Dropping partitions

You cannot drop a partition in Adaptive Server 15.0. To remove a partition, unpartition the table, then repartition it using the same partitioning scheme as before, but with the undesired partition left out of the DDL statement. You can also truncate all of the data in a partition.

Removing a partition can be complicated. Often, the main reason to drop a partition is because you have archived the partitioned data. You can add or drop a partition to fix minor partitioning scheme problems without repartitioning the entire table. However, doing so can lead to a problem similar to the following.

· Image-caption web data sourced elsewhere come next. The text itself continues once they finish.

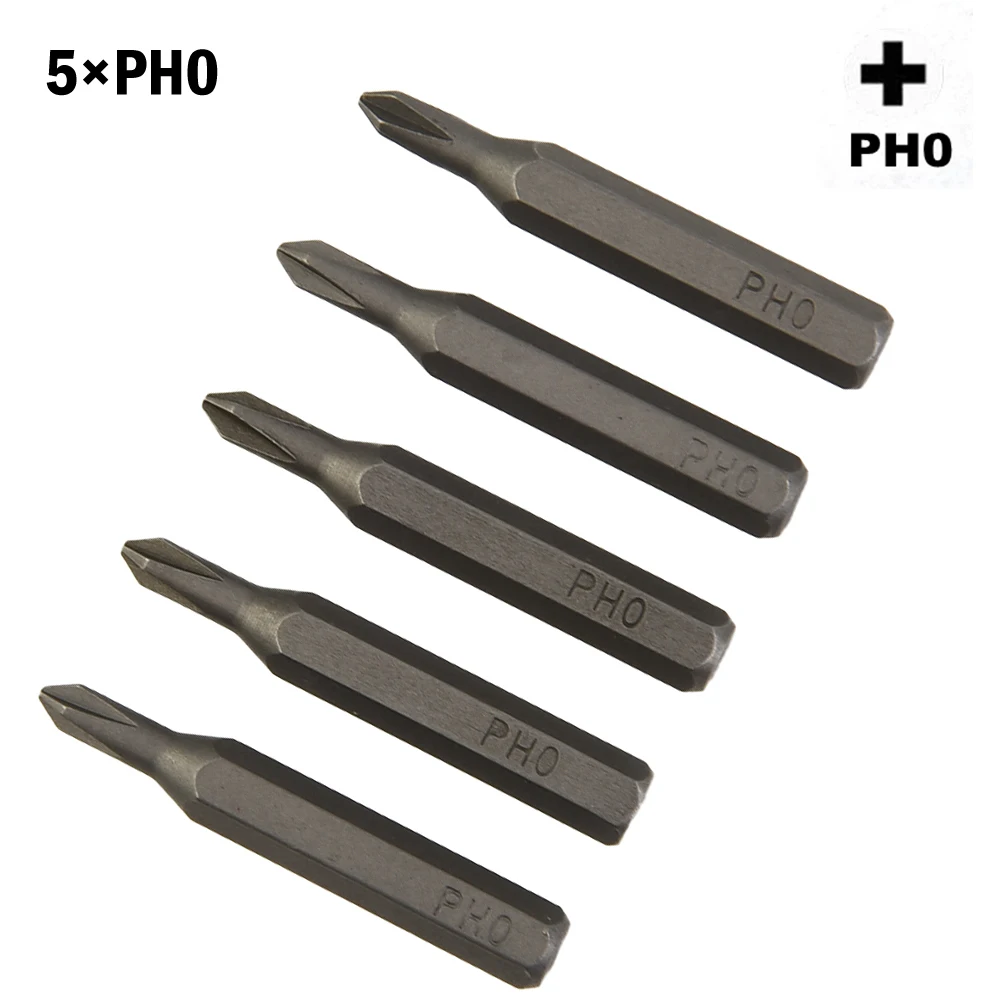 5 Pcs Cross Screwdriver Bits H4×28mm PH0000 PH000 PH00 PH0 PH1 PH2 4mm Hex Shank For Hand Repair Tool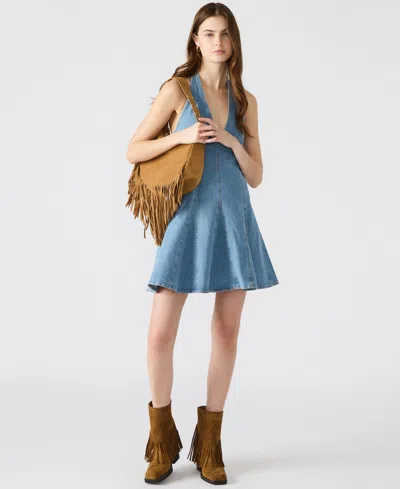 Steve Madden Malia Light Wash Halter Skater Mini Dress In Blue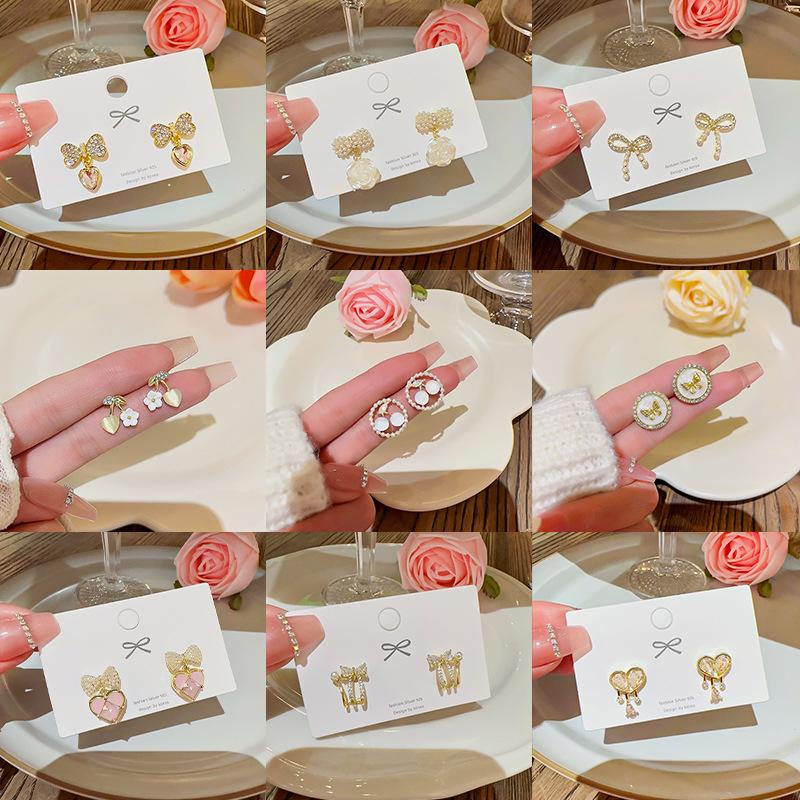 925 silver stud bow pearl earrings fashion design sense graceful earrings simple student petite earrings wholesale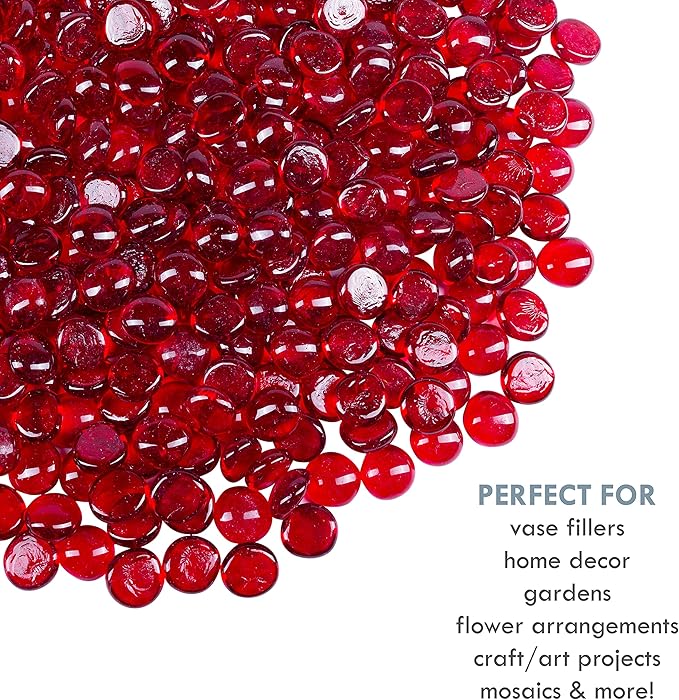 Galashield Flat Glass Marbles for Vases Red Glass Gems Beads Pebbles Vase Filler - Image 4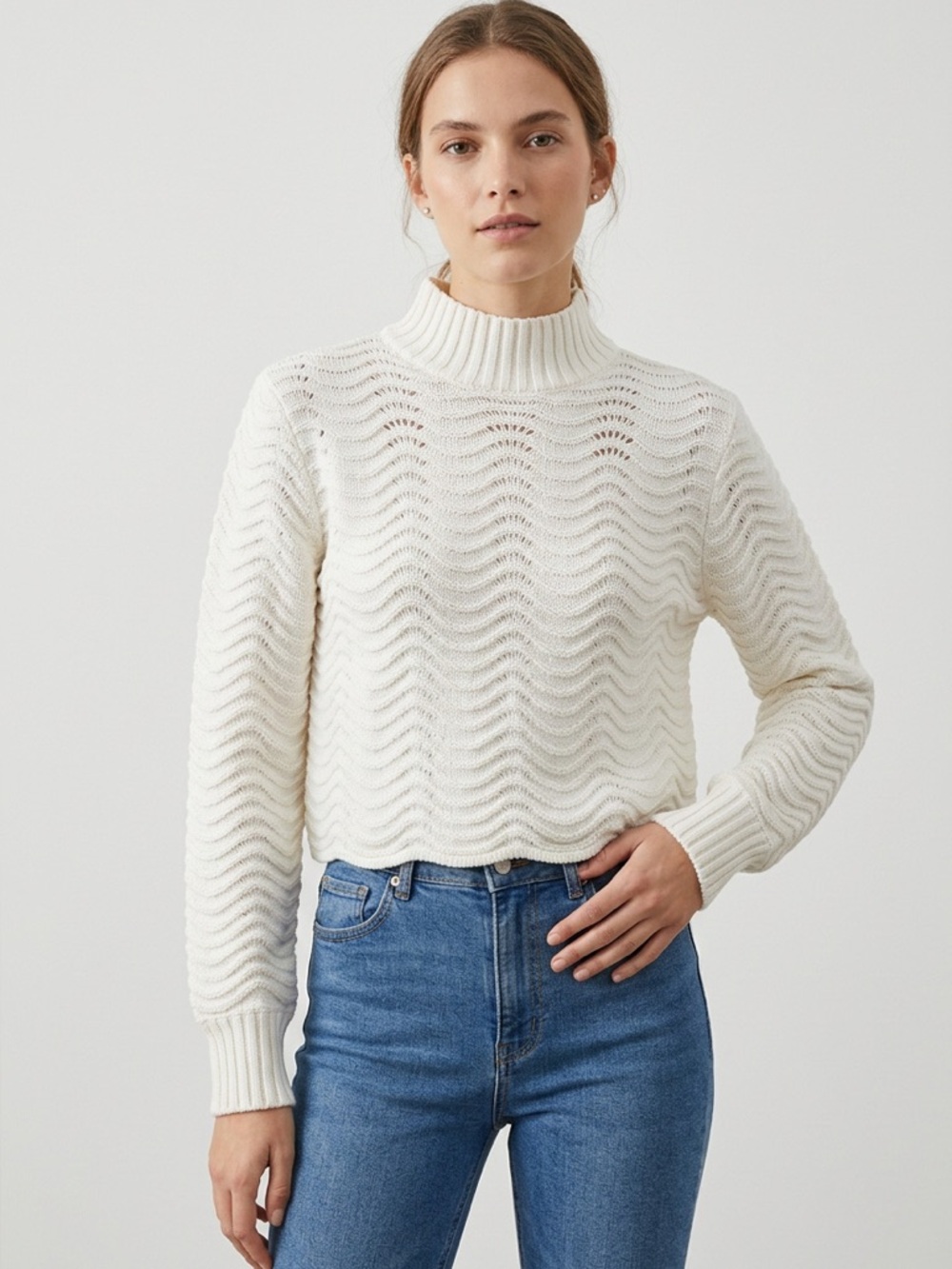 Zara Wave Stitch Turtleneck Sweater - Picture 1 of 1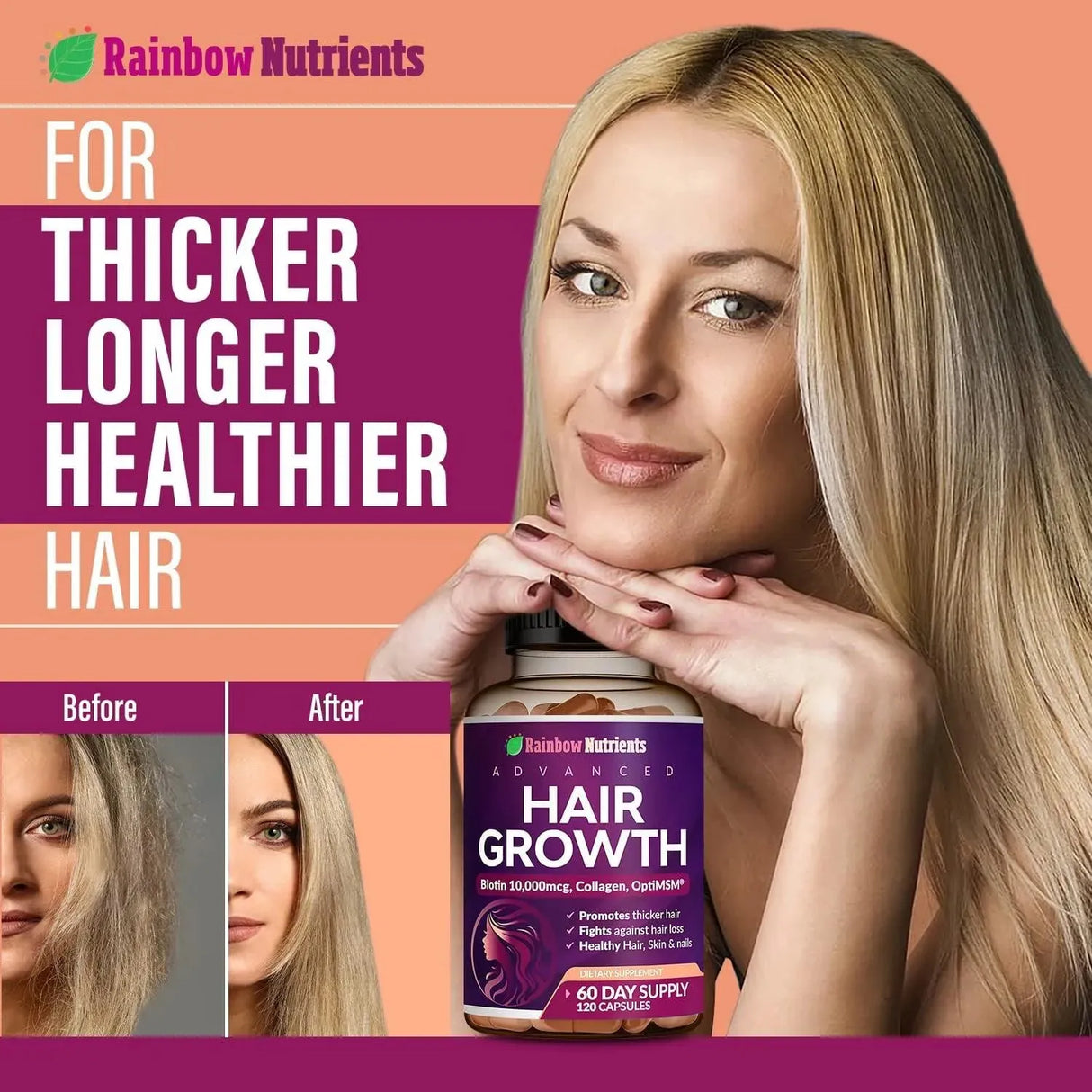 RAINBOW NUTRIENTS - Rainbow Nutrients Hair Growth Vitamins for Women 120 Capsulas - The Red Vitamin MX - Suplementos Alimenticios - {{ shop.shopifyCountryName }}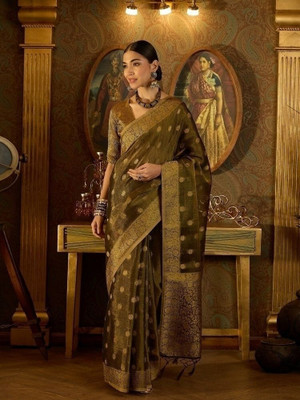 Tasrika Woven, Self Design Banarasi Tissue, Silk Blend Saree(Black)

Assume you created a range-partitioned table on the partition keys of 10,20,30,40,50, and so on, archived the data in the first partition (values less than or equal to 10), and then dropped the partition, leaving partition ranges of 20,30,40,50, and so on. Later, a user inputs valid data with a partition-key value of 5. Because of the mechanics of range partitioning, the newly inserted data is successfully added to the first partition (it is less than or equal to 20). However, problems occur if you must archive some of the data (or rebalance the partitioning as more data is added), and you add a new partition with the same partition key as the original (values less than or equal to 10). The previously inserted data (the value 5) may be left stranded as local indexes all point to the “new” first partition. The best solution to this problem is to relocate the 5 rows when you add the new partition, which means you are repartitioning the table instead of adding a partition as data is relocated.

When you drop a partition, you remove all data with it, which does not cause problems. However, problems may occur when you insert new data, as described in the following example, which results in more questions about data distribution than answers.

Assume you have a hash partition on an integer column using 10 partitions. Dropping one of the partitions removes the hash bucket for 1/10th of the possible data values. Also, assume that the particular hash bucket you removed held the hash keys for integers (5,32,41,and so on). If a user inserts a value of 32, consider whether the hashing algorithm changes to reflect the full domain across the remaining 9 partitions. If so, also consider whether the purpose of dropping the partition is to redistribute the data or remove it, which means that this is actually a repartition. Perhaps, instead, the value should be rejected as the hash bucket no longer exists, which is similar to inserting an unlisted value in a list partition.

Dropping a partition can be more complex than removing a partition and all its data. Sybase opted not to include this functionality in the initial release of Adaptive Server 15.0, but may introduce this capability in a later release. However, you can repartition a table and truncate a partition, which effectively covers nonrepartitioning considerations.